ACTION ITEM - Word for word, output the data, with none of its pictures.

MATERIAL SHOWN -
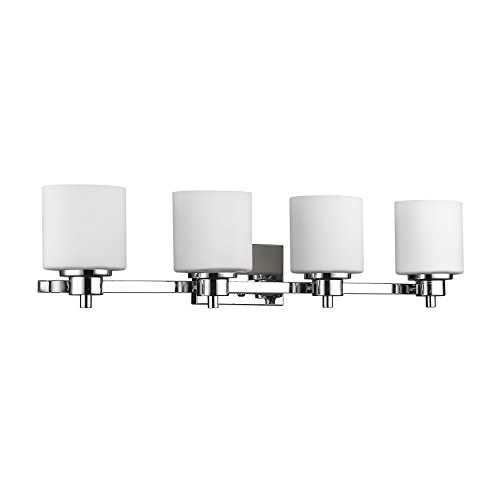 Chloe Lighting CH821036CM33-BL4 Contemporary 4 Light Chrome Finish Bath Vanity Wall Fixture Alabaster Glass, 33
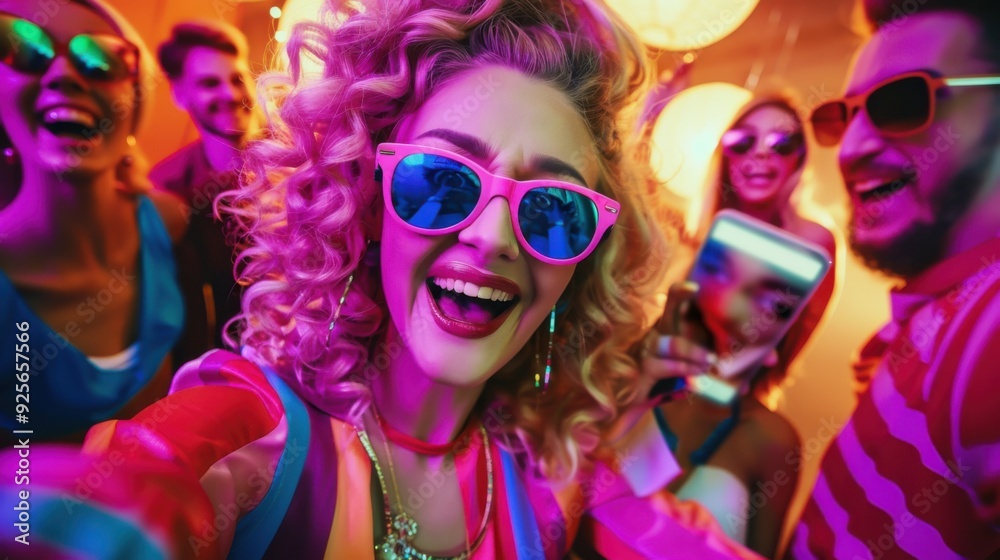 Friends in colorful retro outfits and sunglasses, taking a selfie at a vibrant party with neon lights. Friends in colorful retro outfits and sunglasses, taking a selfie at a vibrant party with neon lights.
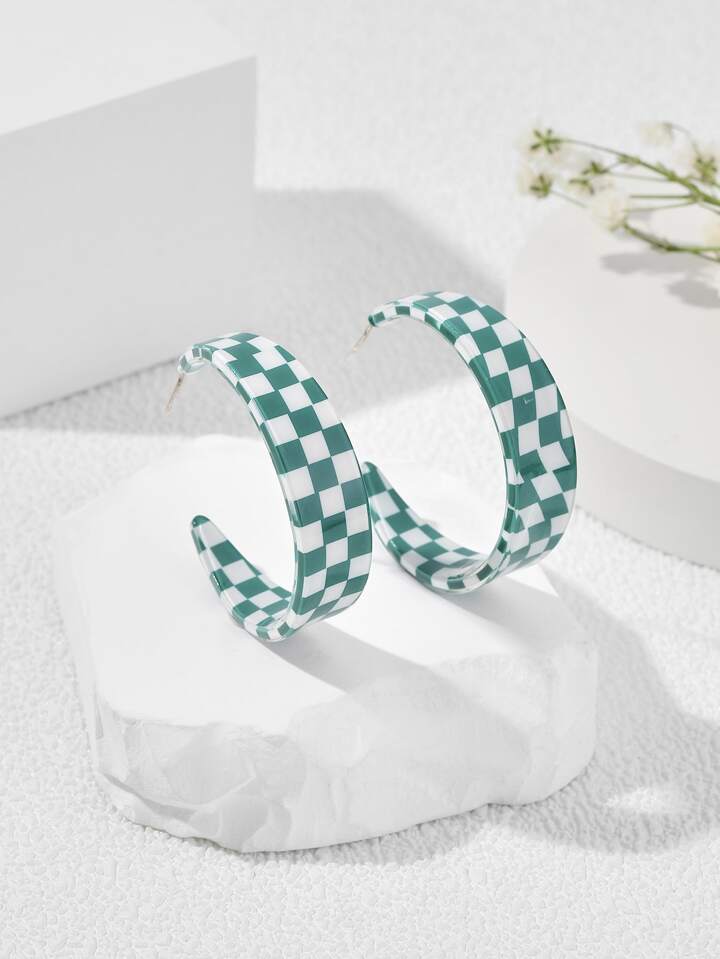 Retro Checkered Hoop Earrings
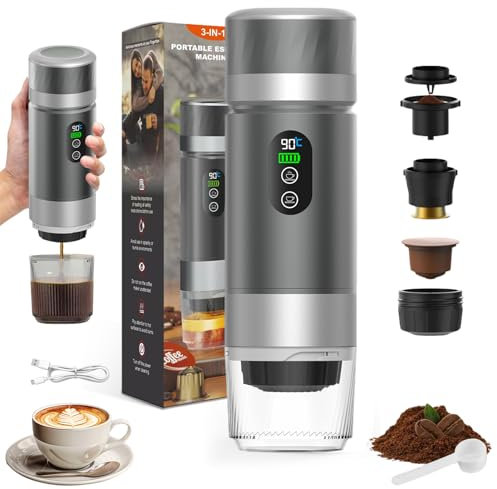 Vtizikl Portable Coffee Machine, 3-in-1 Travel Espresso Machine, Compatible with Small & Large Capsules, Ground Coffee, Self-Heating, USB-C, Ideal for Camping, Office & Home (Gray)
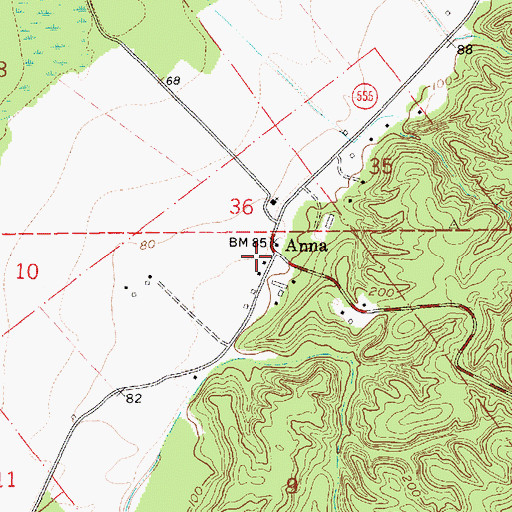 Topographic Map of Saint Luke Church (historical), MS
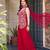 Women's red georgette embroidered straight kurti set with palazzo and dupatta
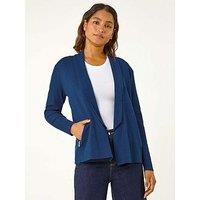 Roman Zip Detail Collared Cardigan - Petrol Blue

OUTPUT OF THE EXERCISE -
 Chloe Lighting CH821036CM33-BL4 Contemporary 4 Light Chrome Finish Bath Vanity Wall Fixture Alabaster Glass, 33
 Friends in colorful retro outfits and sunglasses, taking a selfie at a vibrant party with neon lights. Friends in colorful retro outfits and sunglasses, taking a selfie at a vibrant party with neon lights.
 Retro Checkered Hoop Earrings
 Vtizikl Portable Coffee Machine, 3-in-1 Travel Espresso Machine, Compatible with Small & Large Capsules, Ground Coffee, Self-Heating, USB-C, Ideal for Camping, Office & Home (Gray)
 Topographic Map of Saint Luke Church (historical), MS
 Women's red georgette embroidered straight kurti set with palazzo and dupatta
 Roman Zip Detail Collared Cardigan - Petrol Blue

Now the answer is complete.